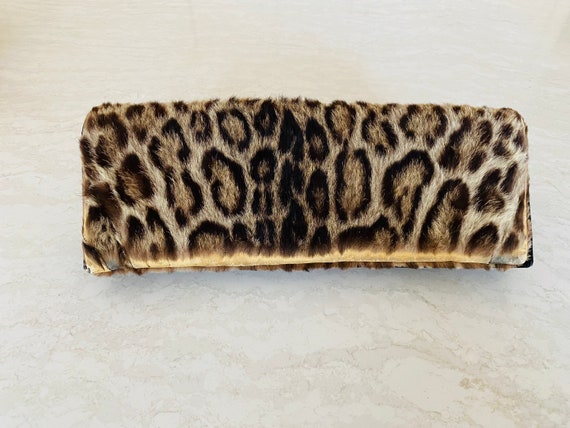 1950’s Animal Print Lennox Bags Clutch Authentic - image 2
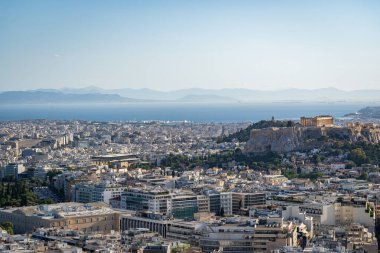 Atina 'nın 2020 baharındaki Yunanistan manzarası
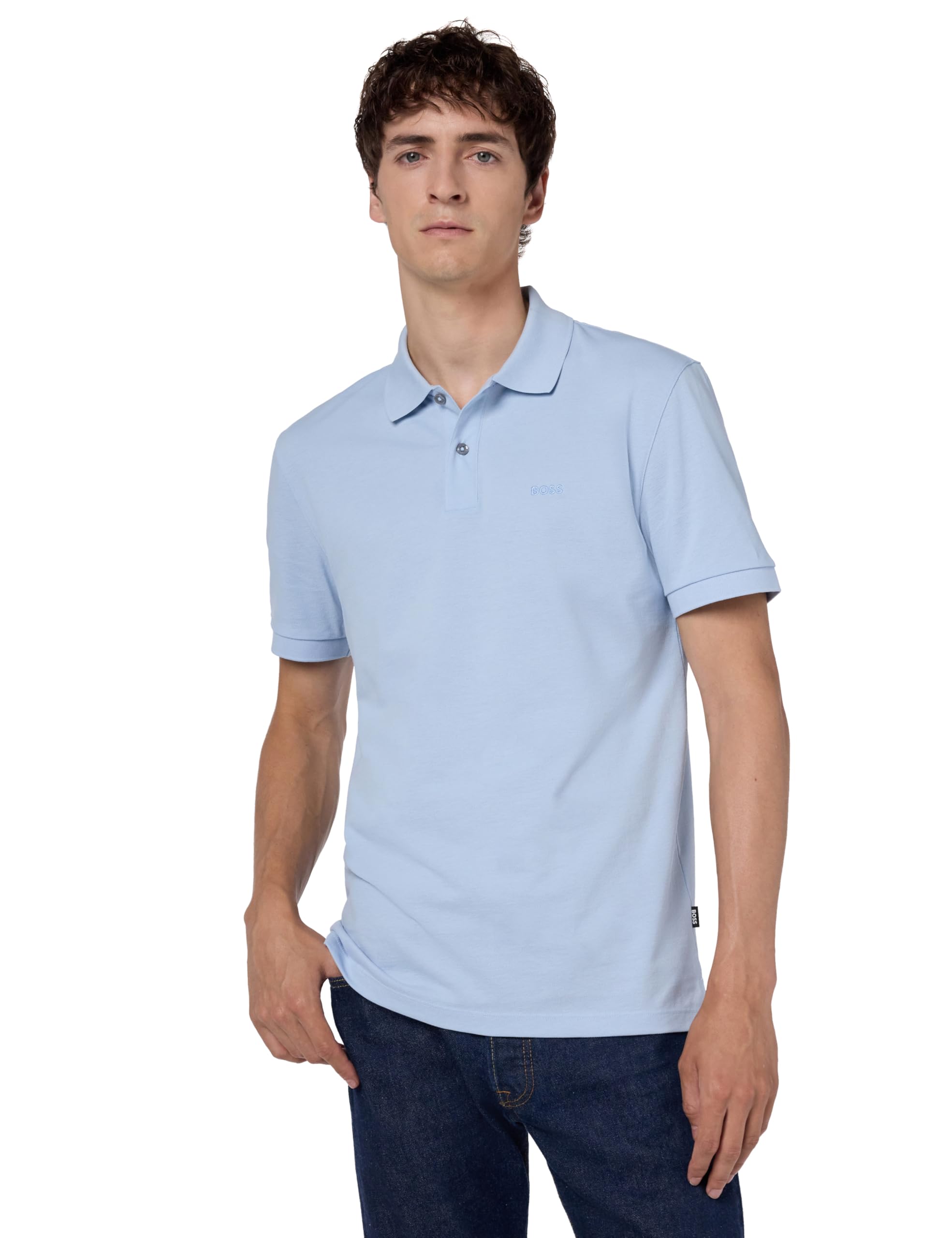 BOSS Men's Regular Fit Polo Shirt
_ _ _ _ _ _ _
What the task requires ::
Output each line of the listing above, word for word, from the one holding "Atina 'nın 2020" through the last line, both included; omit the pictures.

Solution to the exercise ::
 Atina 'nın 2020 baharındaki Yunanistan manzarası
 BOSS Men's Regular Fit Polo Shirt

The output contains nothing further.